### Task brief:
Begin your transcription at the line containing "3-in-1 Window Squeegee" and continue it, word for word, to the final line below. Include only those lines and skip the pictures.

### Information shown:
^^^^

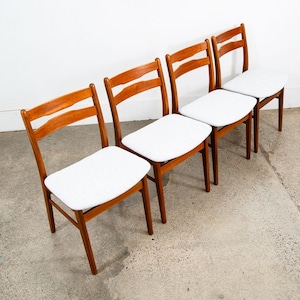 Mid Century Danish Modern Dining Chairs Set 4 Gray Off White Fabric Beech Teak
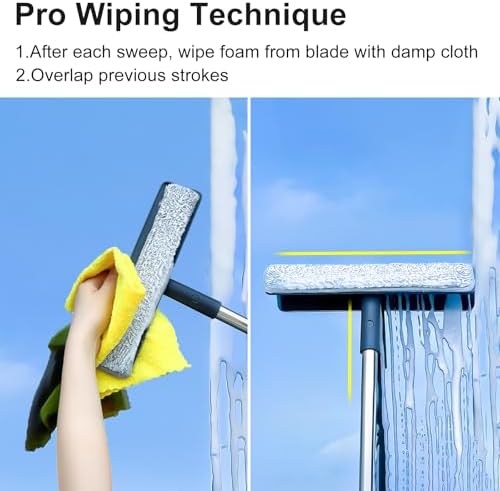 3-in-1 Window Squeegee for Home - 60" Window Cleaning Kit with 3 Microfiber Cloths & Screen Brush, All-in-1 Cleaner Tool for Outdoor Windows, Glass Door & Screens, Lightweight & Easy Storage - Image 6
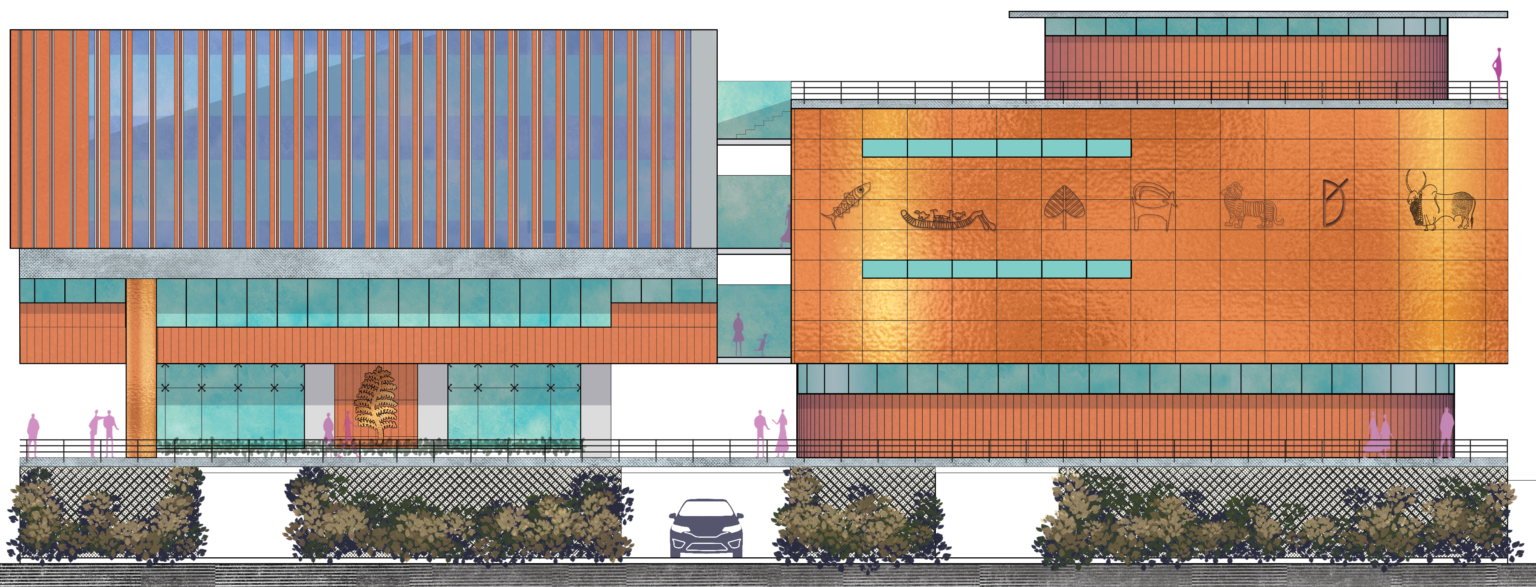 Architectural representation of proposed Tamil Knowledge Campus at RMRL Taramani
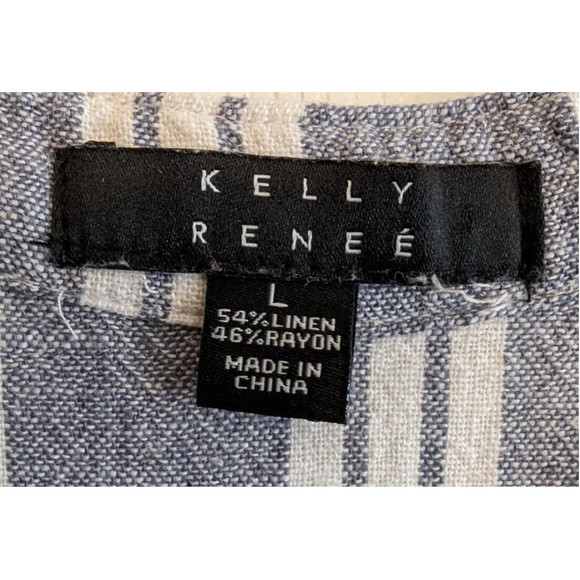 Kelly Renee Romper Women Lrg Gray Wht Striped Button Up Sleeveless Shorts Linen - Picture 5 of 9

^^^^

### Finished exercise:
 3-in-1 Window Squeegee for Home - 60" Window Cleaning Kit with 3 Microfiber Cloths & Screen Brush, All-in-1 Cleaner Tool for Outdoor Windows, Glass Door & Screens, Lightweight & Easy Storage - Image 6
 Architectural representation of proposed Tamil Knowledge Campus at RMRL Taramani
 Kelly Renee Romper Women Lrg Gray Wht Striped Button Up Sleeveless Shorts Linen - Picture 5 of 9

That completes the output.